Screening of candidate genes and hierarchical clustering
Differential mRNA and miRNA expression were analyzed by the DESeq2 (20) function (P<0.05, |logFC|>1). For each probe in the methylation data, the value shown is the β value (β =U/(M+U+1)), where M is the methylated probe signal strength and U is the unmethylated probe signal value. The methylmix package (21) was used to analyze the correlation between the gene methylation level and mRNA expression value (Pearson correlation coefficient test, R>0.5, P<0.05). Unsupervised hierarchical clustering was performed (Euclidean distances and ward.D2 method) based on survival-related immune genes (SIGs) to establish an immunogenomic classification of TCGA-AML patients.

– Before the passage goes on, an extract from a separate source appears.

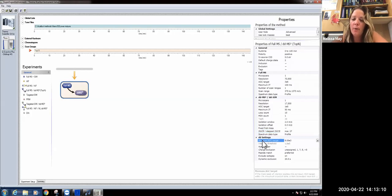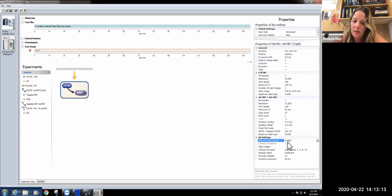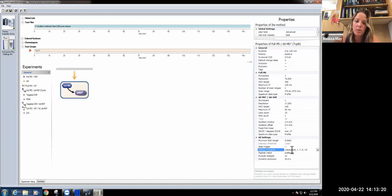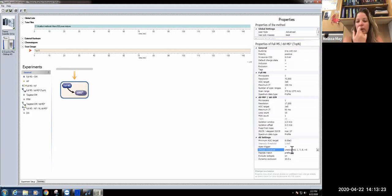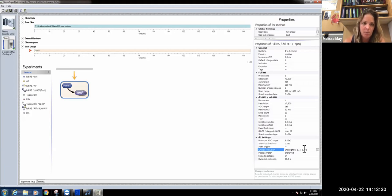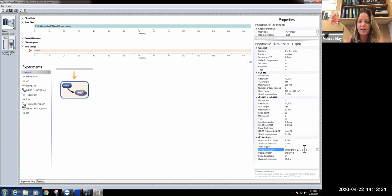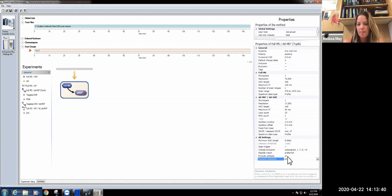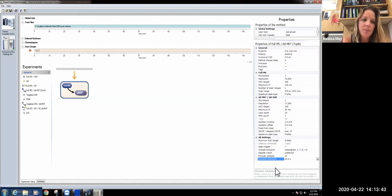For the data dependent settings, the minimum AGC target is pretty standard. We do charge exclusions. Because we're specifically interested in looking at peptides, we don't care about anything that has a charge of one, seven, eight, or greater than eight, because those aren't going to be peptides that have been digested with trypsin. The dynamic exclusion is going to be 20 seconds.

Immune infiltration analysis
The enrichment scores of 28 immune signatures in each AML sample were quantified using single-sample gene set enrichment analysis (ssGSEA) (22). Stromal, immune, and estimate scores were further calculated to evaluate tumor purity and immune cell infiltration in tumor tissues based on the mRNA expression data using the ESTIMATE (Estimation of STromal and Immune cells in MAlignant Tumor tissues using Expression data) algorithm (23). The ESTIMATE algorithm is based on the immune signature genes and stromal signature genes in the mRNA data, and then calculates the immune score and stromal score by ssGSEA.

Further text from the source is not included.